Actresses walk out of Cesars ceremony after Polanski wins top awards: Actresses walk out of 'French Oscars' after Roman Polanski wins top awards | CNN
Thanks for bumping this. I missed this thread back in 2017. Some of the posts have me shaking my head, particularly ZPG Zealot’s ridiculous claim that statutory rape wasn’t a big deal in the Seventies was either shrugged off or that pubescent girls who were brutally raped were painted as sluts.
Polanski, who is a talented, even brilliant director, should have spent a good chunk of that career behind bars. Kudos to the actresses who walked out.
Yes indeed.
It should be remembered that Polanski pled guilty to charges involving drugging and violating a very young girl, behaved pretty badly while out on bail pending sentencing, and then failed to show up for sentencing. Which pretty much means that it’s out of the hands of the victim at this point.
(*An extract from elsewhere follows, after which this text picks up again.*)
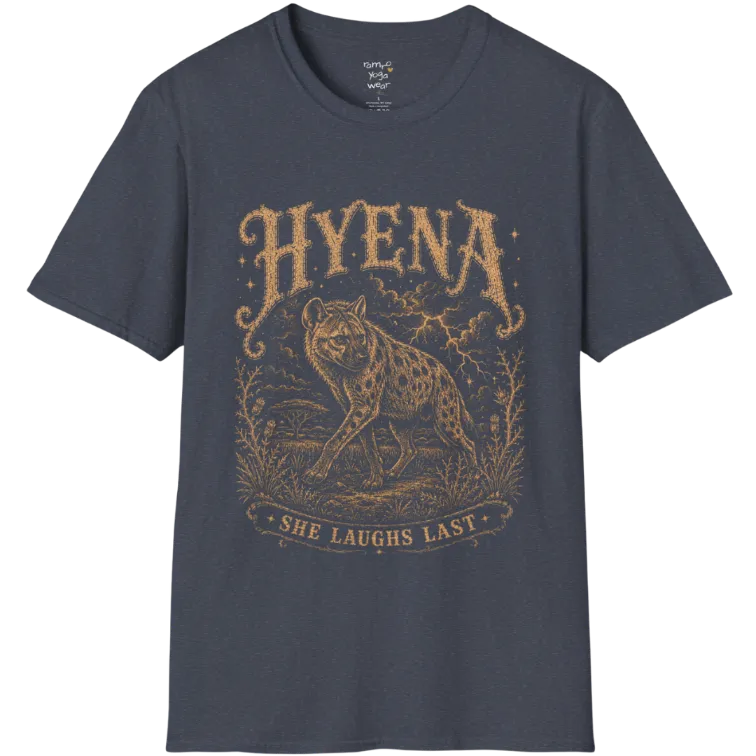 Hyena T-Shirt flat lay with the hyena pacing through the African bush beneath lightning and storm clouds — vintage engraved graphic tee by Ramro Yoga Wear in Heather Navy.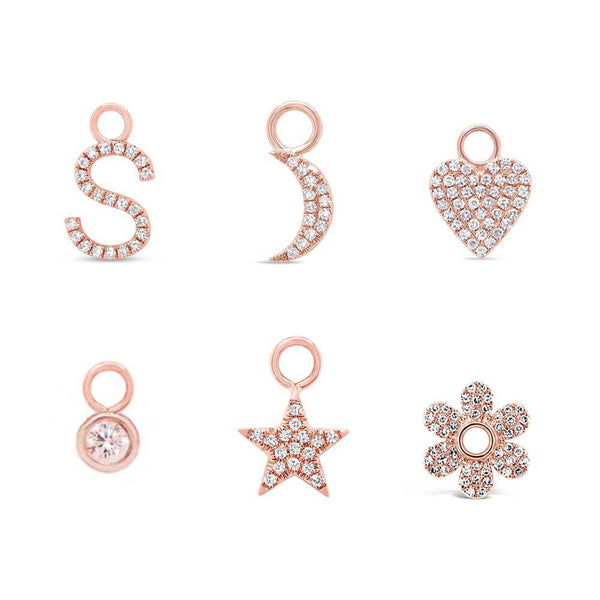 Gold Charm Hoop Earrings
He has never been punished one iota for his actions. Living well in Europe isn’t punishment. He got away with rape, and with blowing off the criminal justice system of the United States.
And he probably never will be punished.
Unfortunately, some of Europe, and particularly France, has a high tolerance for this kind of shit. See the case of Gabrial Matzneff. Things really haven’t changed that much, although there are indications that change is finally coming.
Well, no. The DA played a bargaining game with him, then the Judge reneged after Polanski accepted the deal.
Gailey’s attorney arranged a plea bargain in which five of the six charges would be dismissed, and Polanski accepted.[145]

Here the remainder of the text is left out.